J’ai dit que tout est blanc, mais c’est un peu exagéré. Le ciel est blanc/gris, et il y a quelques bosquets verts, et des forêts de sapins, toutes vertes aussi. Ça réchauffe un peu le tableau, parce que pour le moment, il faut quand même très froid. À l’abri du vent, ça va, mais dans la plaine, les rafales sont glacées. Je sens que le bout de mon nez est en train de rougir.
Je suis maintenant un sentier, dans la forêt, heureux de marcher dans cette nature. Qui ne le serait pas ! Quand tout à coup, j’entends des piétinements. Je ne peux pas les manquer, jusque-là c’était le silence absolu. Ça accélère, ça hésite, ça panique, c’est sûr, je ne suis plus seul. Du coup, je suis en alerte. Super tendu.

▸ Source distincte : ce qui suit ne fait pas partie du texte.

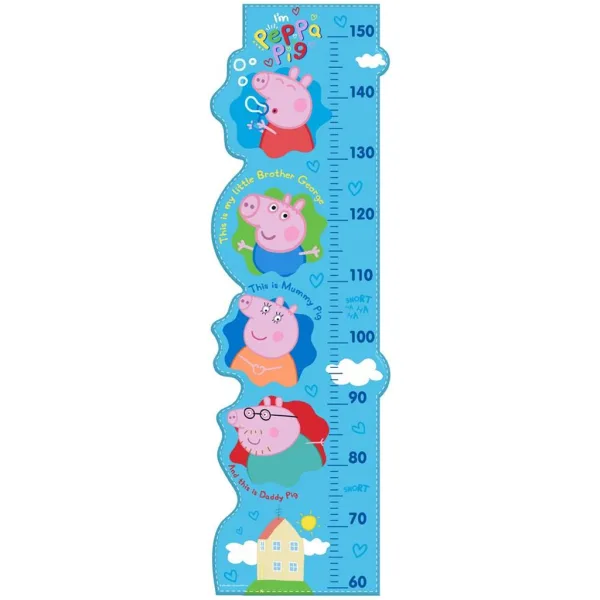 Luna: Peppa Pig vymaľovateľný meter na stenu, maxi puzzle 25 ks obrázok 2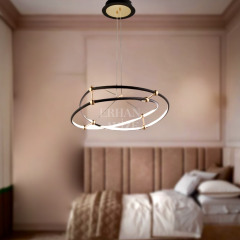 EASD-164 Gold Detaylı LED Avize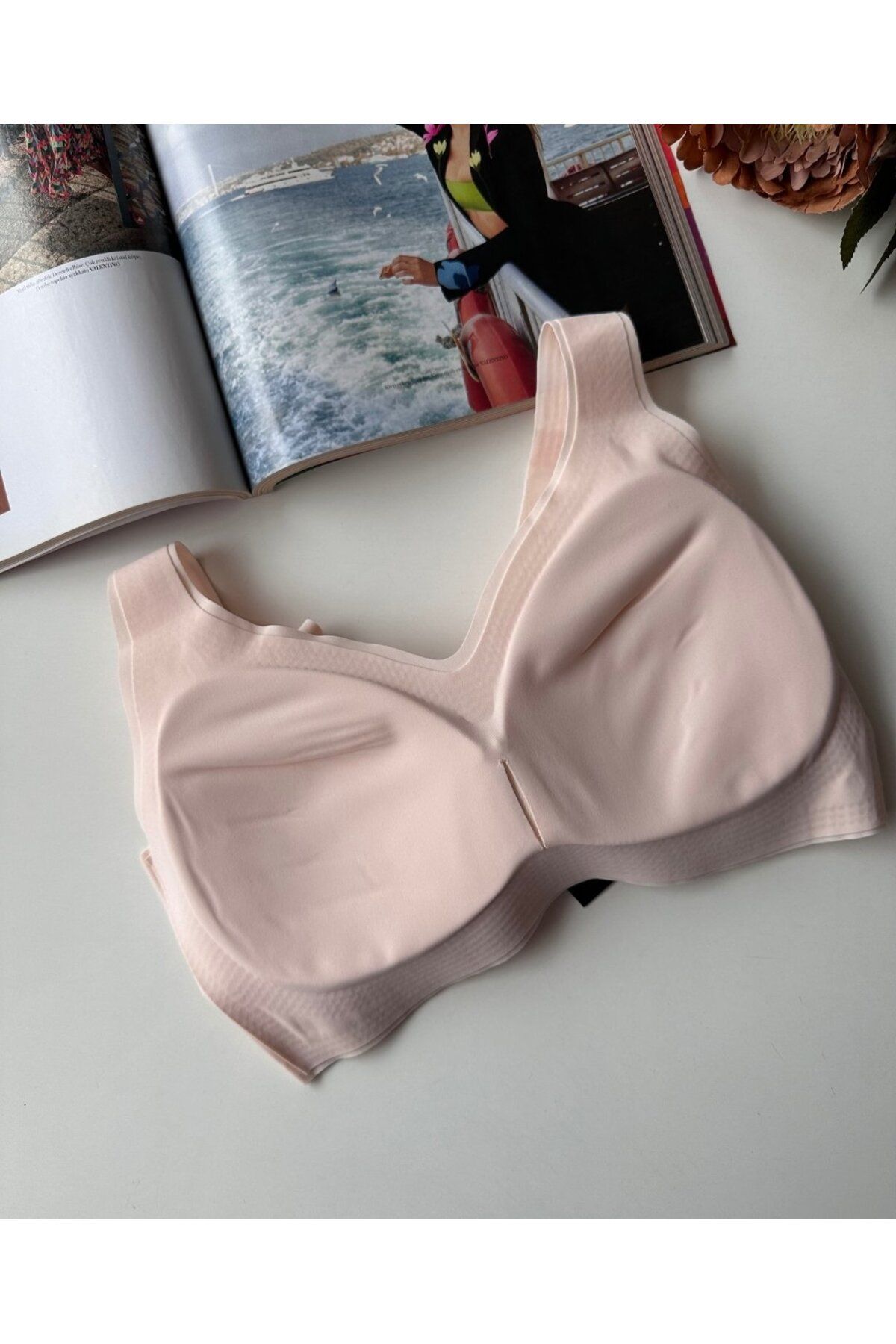 İntive Lingerie-Intive Seamless Push-Up Invisible Bralet with Removable Pad - Imported Bra 6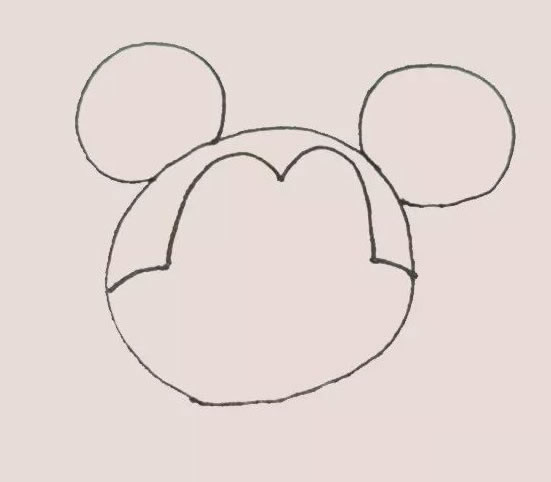 米老鼠头像简笔画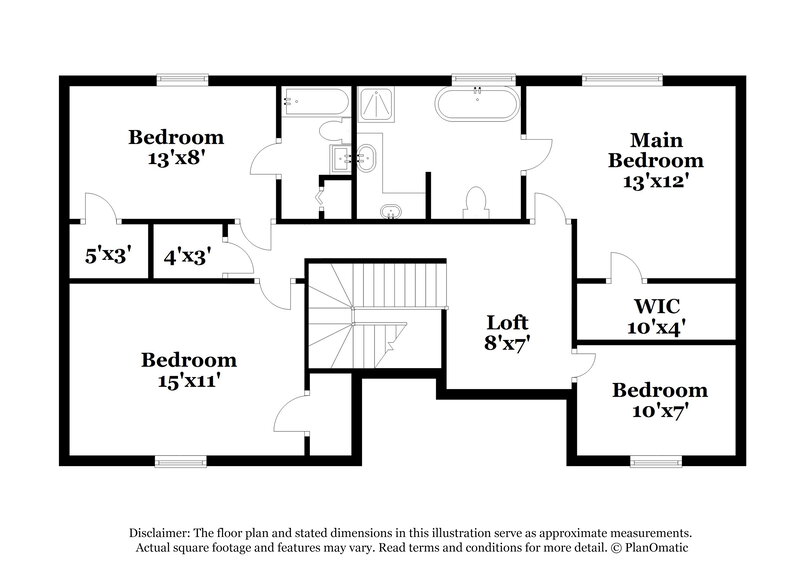 2,030/Mo, 1026 Cannock Dr Kissimmee, FL 34758 Floor Plan View 2
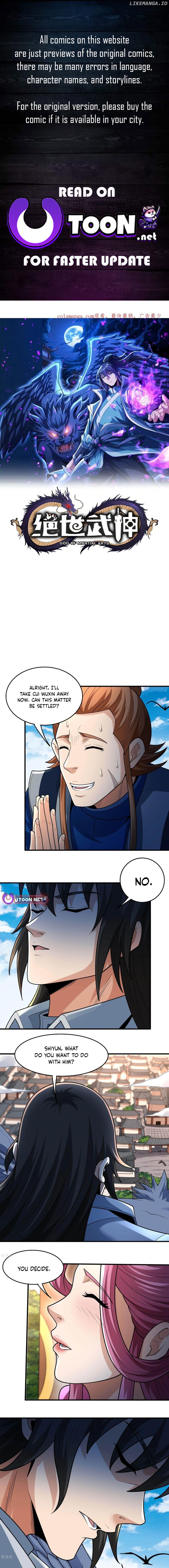 God of Martial Arts Chapter 837 - page 1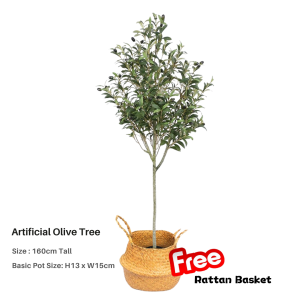 【SG Evergreen】Artificial Olive Plant Fake Potted Olive Plant Indoor Outdoor Large Small Faux Olive Tree Artificial Plant
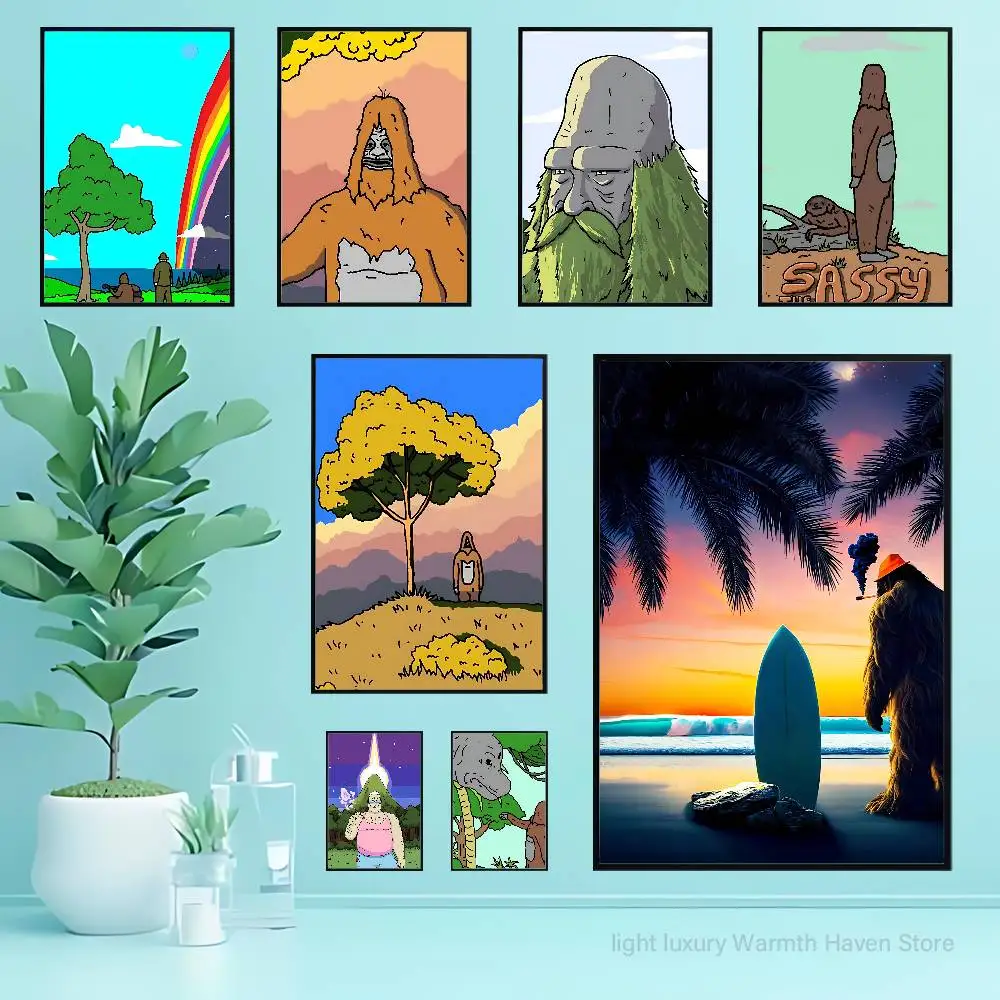 

T-The Big L-Lez Show Poster HD Art Sticky Wall Waterproof Home Living Room Bedroom Bar Aesthetic Decoration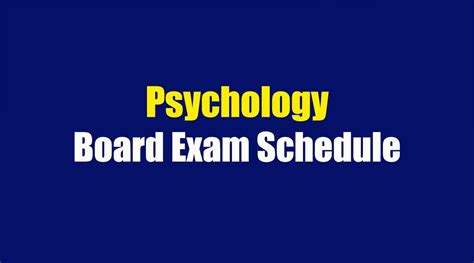2024 Psychologists Board Exam Schedule .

Au bout d’un moment – ça me semble une éternité – je vois quelque chose qui bouge derrière des arbres. J’hésite à faire la course de ma vie, mais finalement c’est la curiosité qui gagne. Tout doucement, je me déplace, pour essayer de comprendre ce qu’il se passe.

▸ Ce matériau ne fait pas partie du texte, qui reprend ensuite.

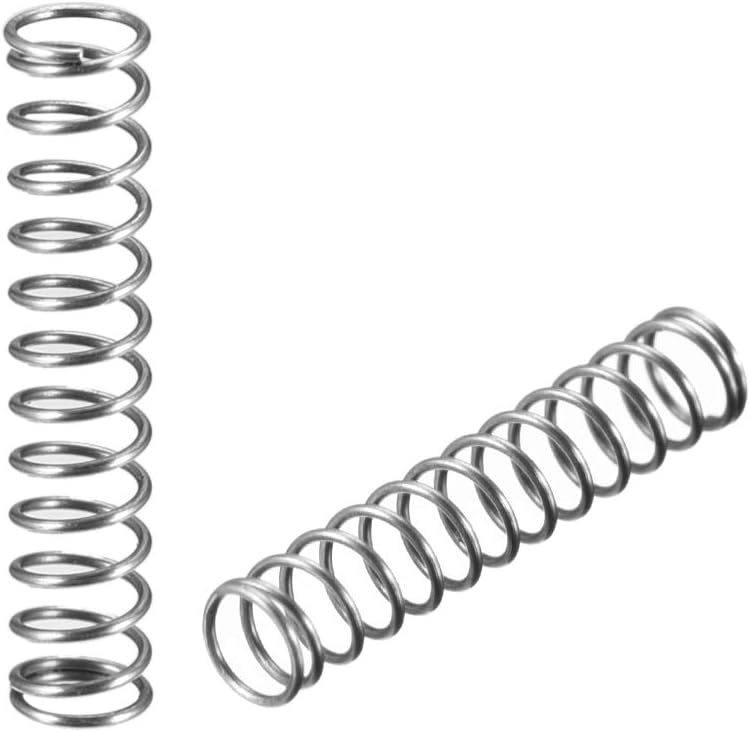Wire Diameter 0.012", OD 0.12", Free Length 0.60" Spring Steel Coil Extended Compressed Spring 30pcs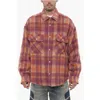 Palm Angels Brushed Wool Check Overshirt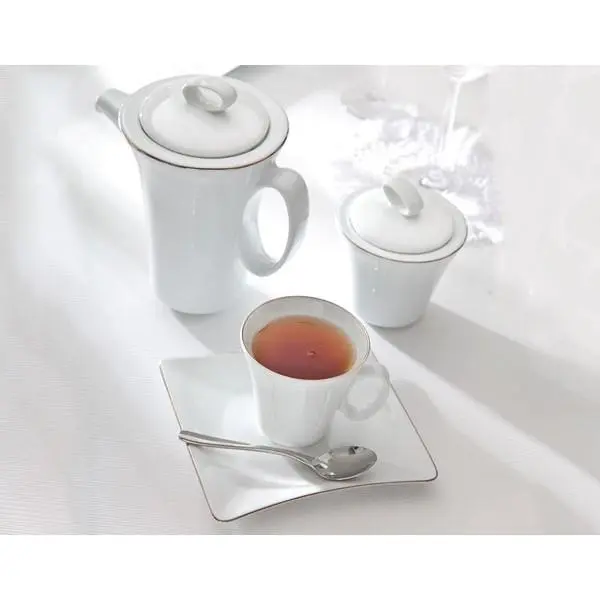 سرویس چینی 17 پارچه چای خوری زرین - 2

Planqué derrière une branche, je vois enfin à qui j’ai affaire : des cerfs, ce sont des cerfs ! Dans les Highlands, on peut en croiser assez souvent. J’en ai déjà vu, mais d’habitude, ils restent plutôt loin. J’avais essayé d’en approcher, mais à chaque fois ils avaient déguerpi aussi sec.

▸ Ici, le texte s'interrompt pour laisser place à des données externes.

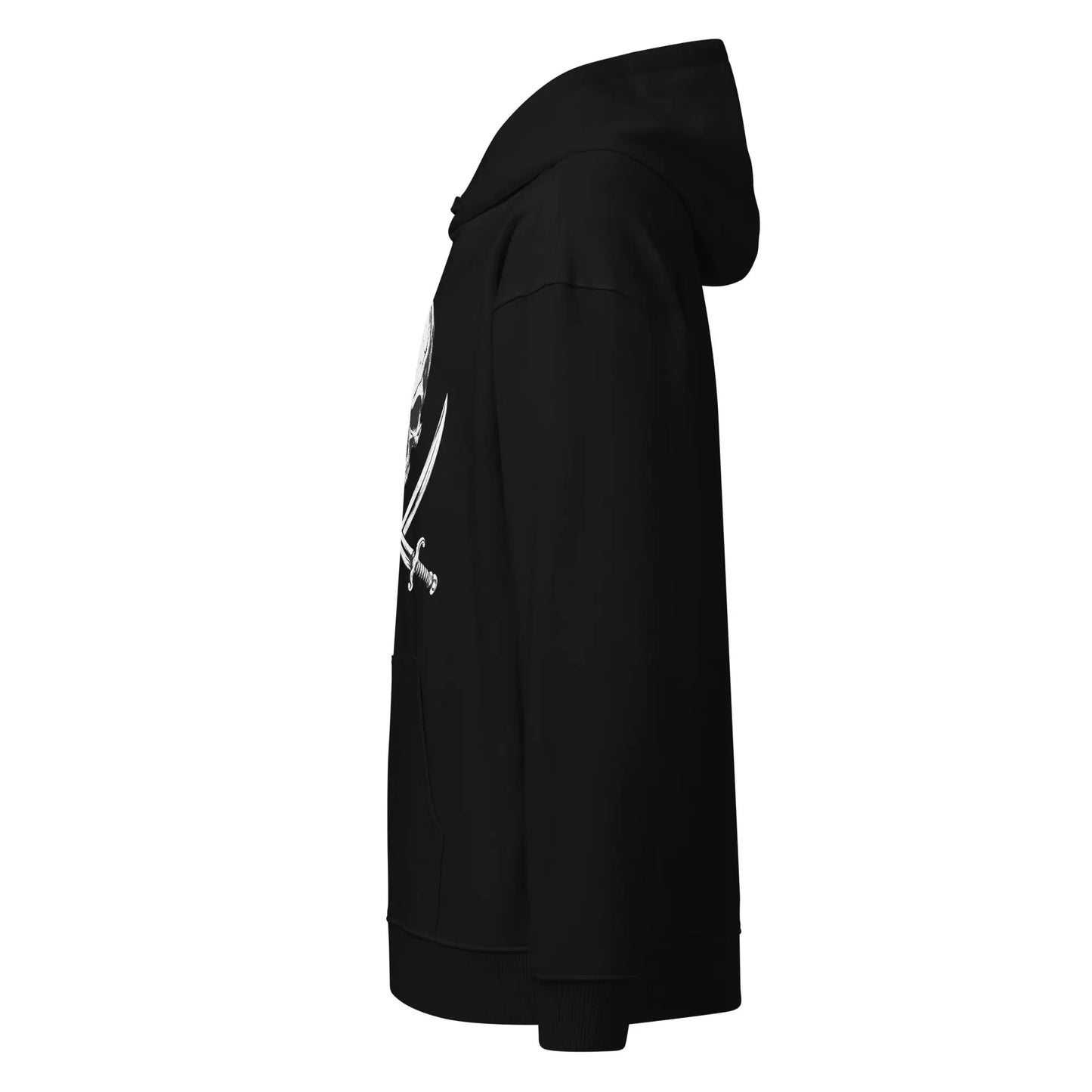 Doom Gate Skull - organic relaxed hoodie by Stanley/Stella Tags: cross bones, graphic tee, hoodie, organic cotton, original, Printful, retro, shirt, skull, sweatshirt, t-shirt, unisex, vintage RetroSplendor Apparel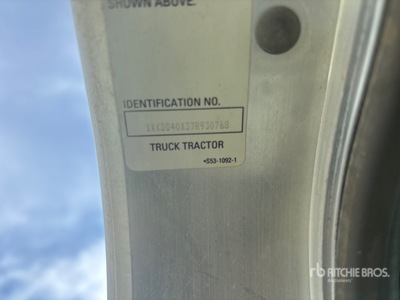 2007 Kenworth T800 6x4 Camion à benne basculante D/E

Mais aujourd’hui, je suis quasiment nez à nez avec des cerfs. Je suis tellement proche, que je peux entendre leur respiration. Il y a … allez … une quinzaine de mètres entre eux et moi, à tout casser. C’est un étrange face à face, je suis seul et ils sont trois. C’est très émouvant en fait.
Bon, pas trop pour l’un des cerfs, qui décide de partir. Le deuxième cerf n’est pas tellement plus intéressé, parce qu’il part aussi. Il reste le troisième, qui me regarde droit dans les yeux. J’essaie de comprendre ce qu’il a en tête.
Est-ce qu’il est chargé de protéger le reste du groupe, et c’est pour ça qu’il reste en arrière ? Est-ce qu’il a peur ? Il n’a pas l’air. Est-ce qu’il est plus curieux que les autres ? Je ne sais pas, mais il a l’air très calme.
Alors, moi aussi, ça me calme. Je vois ses narines bouger, et moi, mes sens sont décuplés. L’odeur du sous-bois, le craquement de la neige, le regard du cerf, le goût du suspense. J’ai l’impression de faire un avec la nature écossaise. Je suis charmé !
Au bout de quelques minutes, le cerf se décide à partir. Il me regarde une dernière fois, avant de disparaître derrière les bosquets. Le cerf n’est plus là, mais son souvenir n’est pas près de s’effacer. Dans ma mémoire, il est profondément gravé.